THE NATIONAL CATHOLIC REVIEW
Some years back, I enrolled in a graduate seminar in Analytic Philosophy. At the start of the first class, the professor posed the question—what makes you you? What is the core of your identity? If one were to teleport you through time and space, what part of you would need to be transferred so that it would actually be you that stands at the other end of the Star Trek-like shipment? Would it have to be your DNA sequence—some sort of recipe of proteins? Would it be your feelings? Your face? Your soul or your mind? Your conscience? Your sense of humor? Would it have to be your memory? What makes you distinct from anyone else in the world? After some initial offerings the class spun wildly toward some distorted idea of Nietzsche and human flourishing. Basically, anything that fell short of the mental flourishing seemingly evident in a university graduate student was not really a person. The discussion became heated quickly. I was indignant. I loudly, though clumsily, asserted that infants, the unborn, people in comas, the mentally ill, the developmentally disabled, and those suffering dementia were all individuals—dignified in every respect as the healthiest, most fully developed of human beings. Many students disagreed with and parodied my sentimental screed. I dropped the class, took a course on Hemingway, and was quite happy.
Matthew Thomas’s new novel, We Are Not Ourselves, seems to be a meditation on the question—what makes us who we are? Perhaps there is an even deeper question—do we have any right to consider ourselves apart from others? That is, can we think of ourselves as isolated from those we love and from those around us?
I do not want to scare participants in the Catholic Book Club away from this book by my philosophical musings, but I do want to hint at the novel’s depth. The story is quite beautiful. Essentially, it is the story of Eileen Tumulty, the daughter of Irish immigrants. The reader meets her as a child and watches her develop into a nurse, wife, mother, and professional. The novel is her portrait – a portrait of her love, her suffering, her imperfection, her striving, her aging, and her goodness. It is a portrait of her family—her husband, Ed, and her son, Connell. Eileen pulls the two men in her life toward her dream of suburban peace and upper middle class comfort. She desires reliable respite from the tumult and toil of the majority of her life. Toward the beginning of the book, there is a wonderful scene when Eileen is driving her mother to an AA meeting. She must also ferry her mother’s friends, fellow alcoholics, to the meeting. As she drives through wealthier neighborhoods, the young Eileen thinks to herself:
Life is what you made of it. Some of the houses she’d dropped these people off at would have been enough for her, so why couldn’t it be enough for them? If she lived in one of these houses, she wouldn’t need to get into another woman’s car and head to a damp lower church for a meeting. She could look at her fireplace, her leather sofa, her book lined drawing room; she could listen to silence above her head; she could peer in on empty bedrooms lying in wait for fresh-faced visitors, pleasantly useless otherwise. It would all be enough for her to put a drink down for. And yet these people were. The fact that they were there, that everything they owned wasn’t enough somehow, disturbed her, suggesting a bottomlessness to certain kinds of unhappiness. She shook the thought from her head like dust from an Oriental rug and decided that a house would have to be enough (45-46).
Eileen is mystified that someone could seek dissipation in drink when he or she possesses such a comfortable place to call home. For years and years, she strives for such comfort, yearns for it fiercely. As Eileen’s story unfolds, there are instances of incredible grief and vivid portraits of how human beings are capable of hurting those they love most. There is also humor and the type of perseverance that sweeps up the reader into solidarity with the novel’s characters.
Matthew Thomas’s prose draws the reader into Eileen’s heart and mind. The writing is efficient and thoughtful and kind. It is void of cynicism, vulgarity and irony. The novel offers a portrait, and, through this portrait, it provokes us to consider what exactly it means to be human. How much of who we are is determined by our parents, our siblings, our spouse, our children, even our neighbors? How much of who I am resides in whom I love and who loves me? Finally, how much do I remain myself if I lose everything, including my memory?
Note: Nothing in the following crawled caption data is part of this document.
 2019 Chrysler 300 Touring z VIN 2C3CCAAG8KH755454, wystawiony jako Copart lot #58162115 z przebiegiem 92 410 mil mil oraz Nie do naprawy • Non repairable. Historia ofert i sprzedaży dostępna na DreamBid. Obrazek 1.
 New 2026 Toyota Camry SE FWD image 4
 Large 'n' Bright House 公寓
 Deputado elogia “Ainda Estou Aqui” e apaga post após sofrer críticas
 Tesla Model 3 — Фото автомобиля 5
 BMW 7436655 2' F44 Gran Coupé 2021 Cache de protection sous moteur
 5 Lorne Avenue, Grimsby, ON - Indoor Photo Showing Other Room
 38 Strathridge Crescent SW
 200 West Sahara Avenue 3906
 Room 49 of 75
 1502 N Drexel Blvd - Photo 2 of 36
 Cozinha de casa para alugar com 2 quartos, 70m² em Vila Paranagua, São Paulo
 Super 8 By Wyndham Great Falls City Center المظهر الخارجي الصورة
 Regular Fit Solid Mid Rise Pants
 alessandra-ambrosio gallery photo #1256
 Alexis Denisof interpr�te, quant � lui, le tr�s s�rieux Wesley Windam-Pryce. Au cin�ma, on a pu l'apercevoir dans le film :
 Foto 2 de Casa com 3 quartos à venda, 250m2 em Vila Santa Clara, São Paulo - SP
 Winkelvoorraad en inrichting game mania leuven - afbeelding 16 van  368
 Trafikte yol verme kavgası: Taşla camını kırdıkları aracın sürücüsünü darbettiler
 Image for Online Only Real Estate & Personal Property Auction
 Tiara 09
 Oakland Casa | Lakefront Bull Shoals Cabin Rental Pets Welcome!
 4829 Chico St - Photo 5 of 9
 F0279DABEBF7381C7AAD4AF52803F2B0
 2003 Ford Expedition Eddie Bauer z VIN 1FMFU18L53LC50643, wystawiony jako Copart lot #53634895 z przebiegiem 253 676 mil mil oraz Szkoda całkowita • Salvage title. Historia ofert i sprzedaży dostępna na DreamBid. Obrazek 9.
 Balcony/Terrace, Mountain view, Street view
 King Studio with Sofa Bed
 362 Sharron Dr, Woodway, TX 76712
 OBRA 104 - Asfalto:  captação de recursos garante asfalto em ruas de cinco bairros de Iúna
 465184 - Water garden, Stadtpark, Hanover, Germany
I think I have offered enough questions for readers in this introduction to the first half of Matthew Thomas’s We Are Not Ourselves. Please contribute some thoughts on the book or on any of the questions above. I will offer the second part of the introduction at the beginning of October. In the meantime, I urge members of the Book Club to pick up a copy and begin reading.
Susan Beason | 9/28/2014 - 3:53pm
I do not have the book yet. Your review indicates Eileen could be any number of women in the world.